Calculate some important metrics, for reference
## [1] 34702
## [1] 0.6774826
summary_stats <- df %>%
group_by(quit) %>%
summarize(mean_salary = mean(salary, na.rm = T),
mean_twc = mean(time_with_company, na.rm = T),
mean_seniority = mean(seniority, na.rm = T))
summary_stats
## # A tibble: 2 x 4
## quit mean_salary mean_twc mean_seniority
## <dbl> <dbl> <dbl> <dbl>
## 1 0 141192. NaN 14.1
## 2 1 80884. 391. 8.11
Above, we see that 67% of the 34,702 employees in our dataset have quit the company. Employees who quit got paid a lot less than those who stayed. They also had less experience prior to starting the job.
Make some diagonsitic plots to get familiar with the data and check the data for outliers or other weirdness.
This is pretty neat– generally, people with more experience are paid more. This often follows a stepwise pattern, with pay bumps associated with 5 year increments of experience.

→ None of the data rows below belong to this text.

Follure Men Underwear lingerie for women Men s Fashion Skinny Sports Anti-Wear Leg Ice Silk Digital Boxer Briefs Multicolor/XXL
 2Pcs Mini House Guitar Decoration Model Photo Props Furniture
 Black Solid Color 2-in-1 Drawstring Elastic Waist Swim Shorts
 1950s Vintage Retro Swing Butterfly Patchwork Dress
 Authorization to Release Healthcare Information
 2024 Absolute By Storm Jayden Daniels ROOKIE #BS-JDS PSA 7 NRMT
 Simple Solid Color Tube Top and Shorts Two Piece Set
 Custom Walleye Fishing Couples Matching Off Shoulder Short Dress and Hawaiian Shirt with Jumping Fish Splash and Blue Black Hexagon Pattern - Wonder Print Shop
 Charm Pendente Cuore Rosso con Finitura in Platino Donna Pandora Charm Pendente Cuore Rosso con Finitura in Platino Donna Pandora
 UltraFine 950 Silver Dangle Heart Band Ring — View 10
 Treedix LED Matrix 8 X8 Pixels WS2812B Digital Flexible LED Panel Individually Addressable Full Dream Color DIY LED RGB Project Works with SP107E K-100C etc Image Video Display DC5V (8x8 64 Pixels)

There are very few records for companies 11 and 12. I’ll have to keep this in mind when making claims or predictions at the company level.
ggplot(df, aes(x = seniority, y = salary)) + mytheme +
geom_point(alpha = 0.2) + geom_smooth() +
facet_wrap(~company_id, scales = 'free')
Some companies (1, 2, 3, and 4) seem to have better retention. Maybe also 11 and 12, but hesitant to say because of so few observations.
Temp contractors by definition will have a very short lifetime with any company. Otherwise, employee lifetime doesn’t vary a whole lot across departments.
I’d expect there to be more of a correlation here… but one interesting takeaway from this plot is that employees seem likely to leave after about 1 year or 2 years with a company.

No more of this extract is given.